Out of interest (this is a question for Thom I guess), why is the N800 orbiter so responsive (in terms of volume control, skipping forward/back, any repetitive button presses) in comparison to the touch orbiters? Also the N800 ALWAYS displays the correct screen, in that it never needs to be refreshed - is there some fundamental reason for this?
I assure you this isn't a dig at your work darrenmason, I am just curious.
Cheers,
Matt.
The Orbiter runs natively on N800. By that it connects directly to the server, responds to and creates its own DCE messages and then renders the user interface to the N800 using native libraries.
The android orbiter or any of the touch orbiters that have been developed and also the web orbiter rely on a proxy orbiter. What this is, is the same orbiter described above that runs natively on the N800 is running on another linuxMCE machine (typically the CORE). This orbiter is not rendering it's user interface to local libraries but is instead rendering to a bitmap - which is effectively a snapshot of the screen.
The touch orbiters then connect (typically via wireless) to the proxy orbiter and retrieve the bitmap. It is then displayed on the remote device which listens for touch commands on the bitmap. Those touches are sent back to the proxy orbiter which then reacts by updating the UI and rendering a new bitmap. This is then sent back to the touch device.
So each touch will at a minimum involve the rendering of a new bitmap and transferring that to the remote device. This takes time and introduces the lag that you are seeing in interactions that involve a lot of repetitive key presses.
There is also some code in the proxy orbiter that allows a flag to be set when the display updates independant of a user touch. The problem is that the remote device needs to poll for this flag as the communications with the proxy obriter as essentially client server. Depending upon this polling interval - there will be a lag associated with these updates. Additionally if that flag is not being set correctly then there may be inconsistencies with what is on the screen and what has been rendered.
Ways to improve;
* Write a native orbiter for the device or more correctly port the orbiter code to a device. This is easier on devices that support the same runtime libraries as Orbiter has already been built with. The N800 platform is better suited to this than Android and/or iOS.

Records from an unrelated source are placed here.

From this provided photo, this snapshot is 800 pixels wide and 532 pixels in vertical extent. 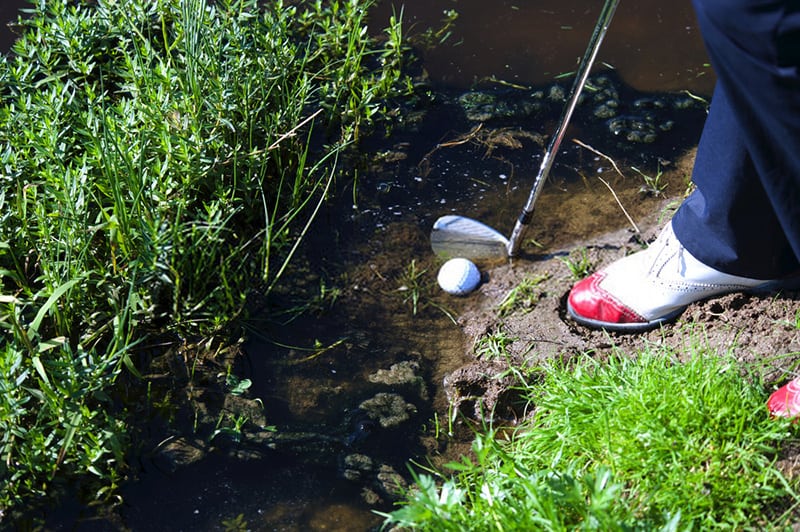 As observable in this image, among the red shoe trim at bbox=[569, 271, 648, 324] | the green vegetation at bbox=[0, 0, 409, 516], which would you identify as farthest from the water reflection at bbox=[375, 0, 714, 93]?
the red shoe trim at bbox=[569, 271, 648, 324]

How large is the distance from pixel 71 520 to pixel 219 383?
0.58 m

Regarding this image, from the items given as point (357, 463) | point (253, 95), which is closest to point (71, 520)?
point (357, 463)

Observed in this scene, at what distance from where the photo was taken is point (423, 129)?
11.5ft

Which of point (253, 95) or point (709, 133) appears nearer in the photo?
point (709, 133)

* Reduce the work that the proxy orbiter is doing. This can be done by reducing your resolution and therefore decreasing the bandwidth required to transfer the bitmaps back and forth. This could also be done by not sending bitmaps but instead send markup that would be natively drawn.
* Reduce your 'AnyNews' polling interval so that refreshes occurr quicker when the updates are from independent events
Keep telling people what is not working the way you want it to though as it will be input for any changes that do get done.